News Release

Mormon Helping Hands Make a World of Difference

Whether it is reading to a desperately ill child in a hospital, helping after a natural disaster or simply keeping community facilities in good shape, members of The Church of Jesus Christ of Latter-day Saints believe they have a personal obligation to assist those around them.  Much of this work is carried out under the umbrella of the Mormon Helping Hands program.

By participating in Helping Hands projects around the globe, members of the Church not only strengthen others in need, whether of the same faith or of other religious backgrounds, but also develop the compassion that Jesus Christ himself exhibited. Church members are amongst the greatest contributors of volunteer hours in local communities.

In the Newcastle area of NSW, Maitland's skate park and the Melford Railroad Station have received a much needed face-lift, due to a recent clean-up undertaken by local Mormon volunteers.

Church families, friends and Mormon missionaries were led in their clean-up efforts by Bishop Pita Tupou of the Maitland Ward (congregation). Within a few hours, they had filled a box trailer with recyclable and general waste materials which were then taken to the local waste transfer station.

"Being active participants and contributors to our local communities is something we can do to show others that we care for them and for our area. By offering a helping hand even in small ways we can make a big difference," said Bishop Tupou.
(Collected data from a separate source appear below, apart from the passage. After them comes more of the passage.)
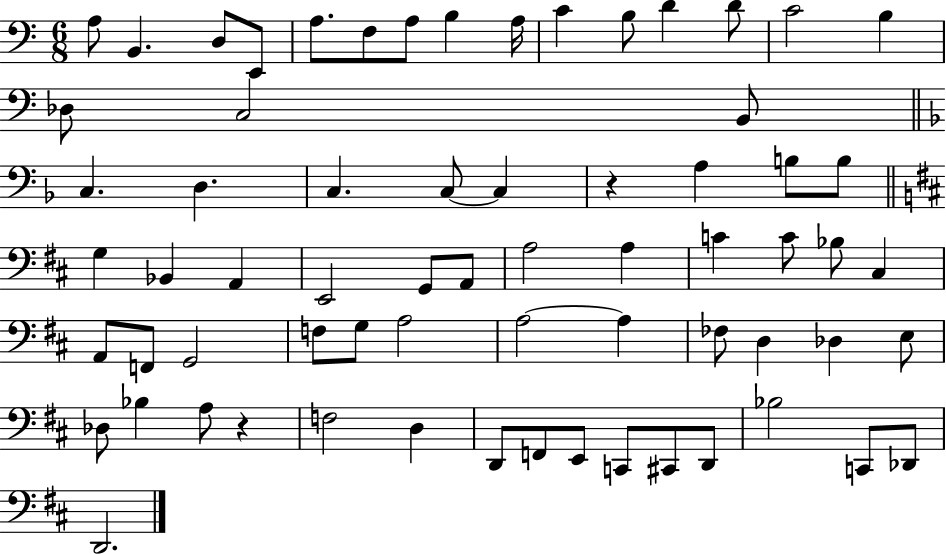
A3/e B2/q. D3/e E2/e A3/e. F3/e A3/e B3/q A3/s C4/q B3/e D4/q D4/e C4/h B3/q Db3/e C3/h B2/e C3/q. D3/q. C3/q. C3/e C3/q R/q A3/q B3/e B3/e G3/q Bb2/q A2/q E2/h G2/e A2/e A3/h A3/q C4/q C4/e Bb3/e C#3/q A2/e F2/e G2/h F3/e G3/e A3/h A3/h A3/q FES3/e D3/q Db3/q E3/e Db3/e Bb3/q A3/e R/q F3/h D3/q D2/e F2/e E2/e C2/e C#2/e D2/e Bb3/h C2/e Db2/e D2/h.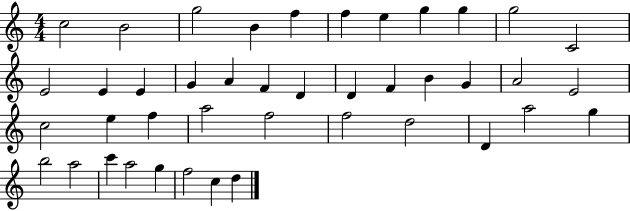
C5/h B4/h G5/h B4/q F5/q F5/q E5/q G5/q G5/q G5/h C4/h E4/h E4/q E4/q G4/q A4/q F4/q D4/q D4/q F4/q B4/q G4/q A4/h E4/h C5/h E5/q F5/q A5/h F5/h F5/h D5/h D4/q A5/h G5/q B5/h A5/h C6/q A5/h G5/q F5/h C5/q D5/q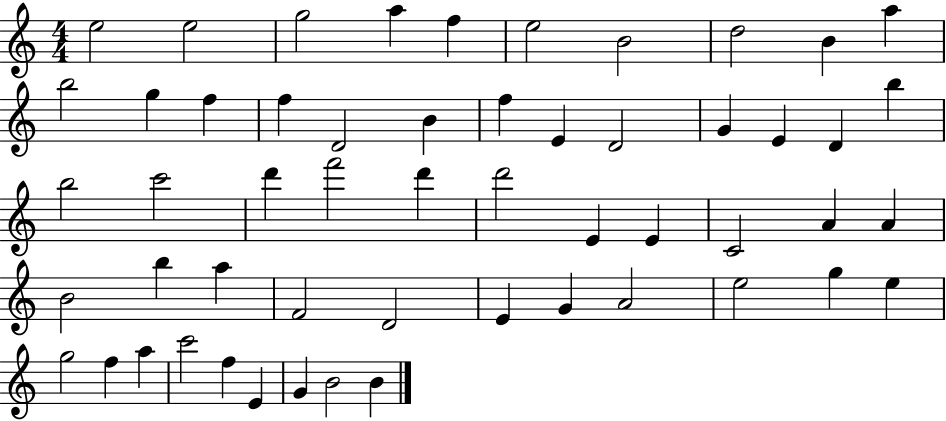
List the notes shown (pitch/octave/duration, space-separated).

E5/h E5/h G5/h A5/q F5/q E5/h B4/h D5/h B4/q A5/q B5/h G5/q F5/q F5/q D4/h B4/q F5/q E4/q D4/h G4/q E4/q D4/q B5/q B5/h C6/h D6/q F6/h D6/q D6/h E4/q E4/q C4/h A4/q A4/q B4/h B5/q A5/q F4/h D4/h E4/q G4/q A4/h E5/h G5/q E5/q G5/h F5/q A5/q C6/h F5/q E4/q G4/q B4/h B4/q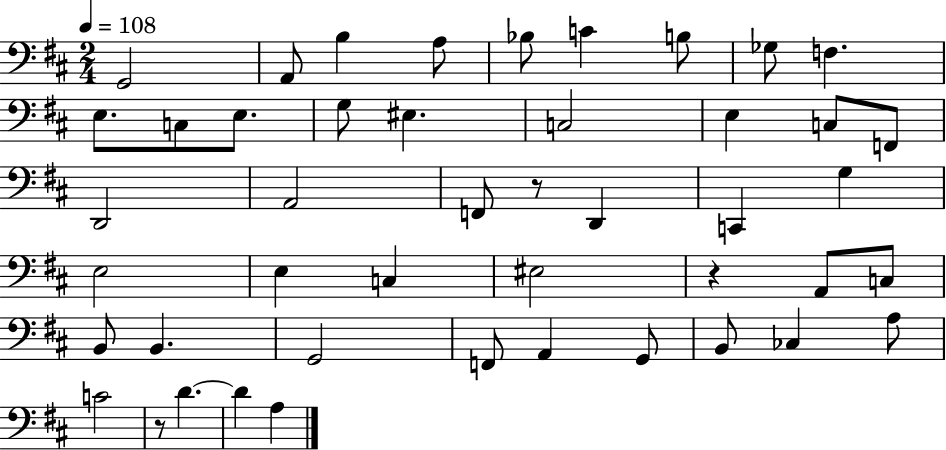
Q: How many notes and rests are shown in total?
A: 46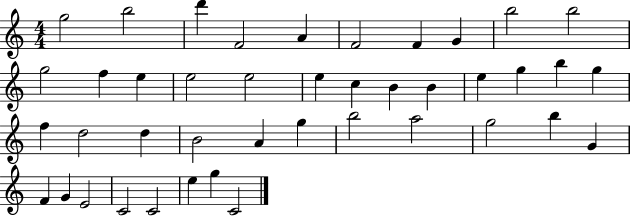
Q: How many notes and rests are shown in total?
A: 42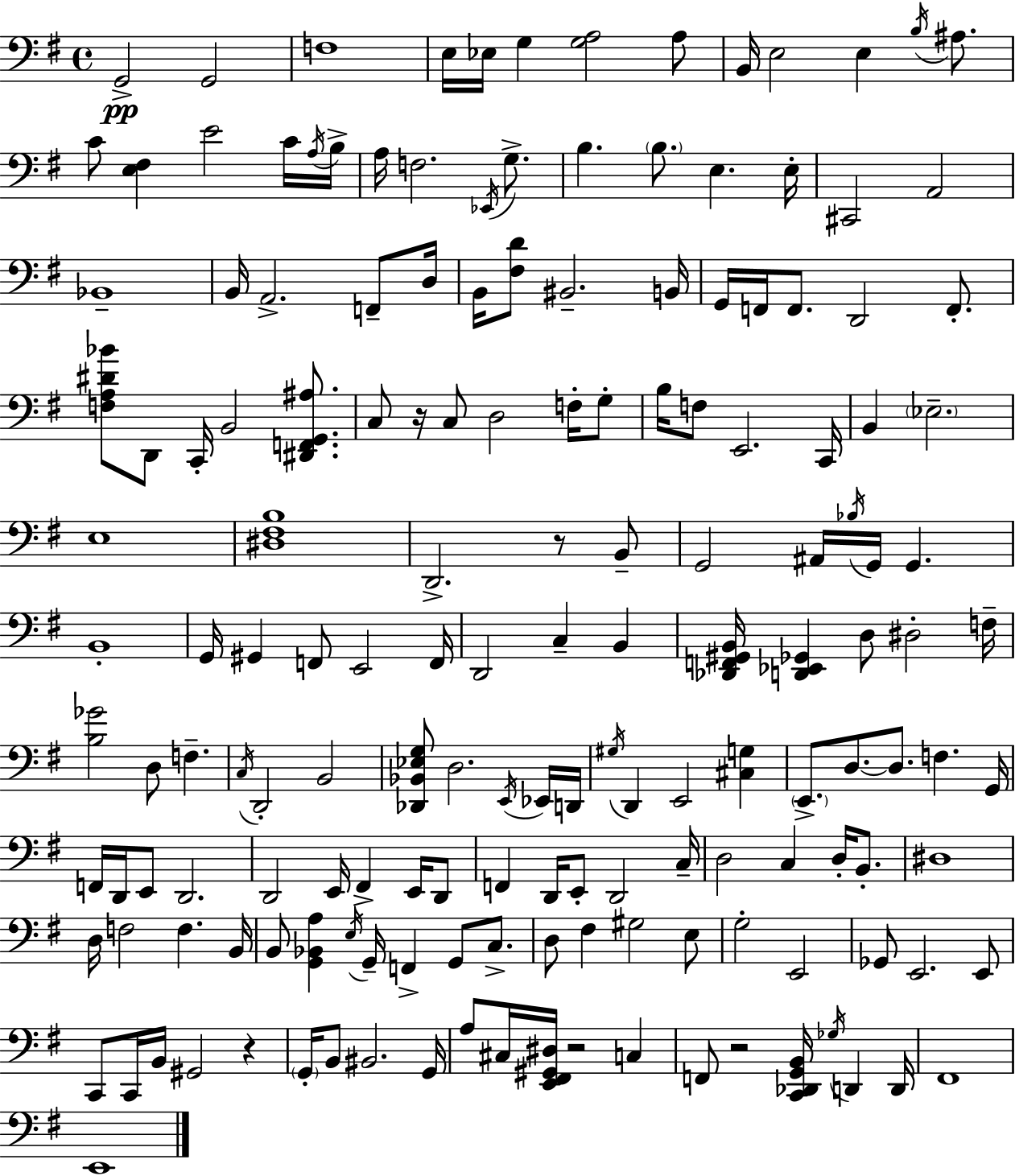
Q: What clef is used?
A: bass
The Newcastle clean-up was part of an annual National Helping Hands day observed throughout Australia by members of the Church. These initiatives are held globally, often in emergency situations, but also as part of continuing efforts. Members quickly assemble, put on their yellow Helping Hands vests and assist after catastrophes, such as after the devastation caused by Hurricane Sandy in New York state recently.

Other areas of New South Wales also have been greatly benefited by the work of Mormon volunteers.

The Campbelltown City Council and the Macarthur stake (diocese) of the Church recently joined efforts in a Helping Hands initiative to restore the beauty of a local park that is enjoyed extensively by families and children.

City Councillor, Anoulack Chanthivong said, "I was very impressed by how the Latter-day Saint volunteers responded to our request for assistance." He expressed his appreciation by hosting a Helping Hands reception at the Civic Centre for Macarthur stake members at the conclusion of the project.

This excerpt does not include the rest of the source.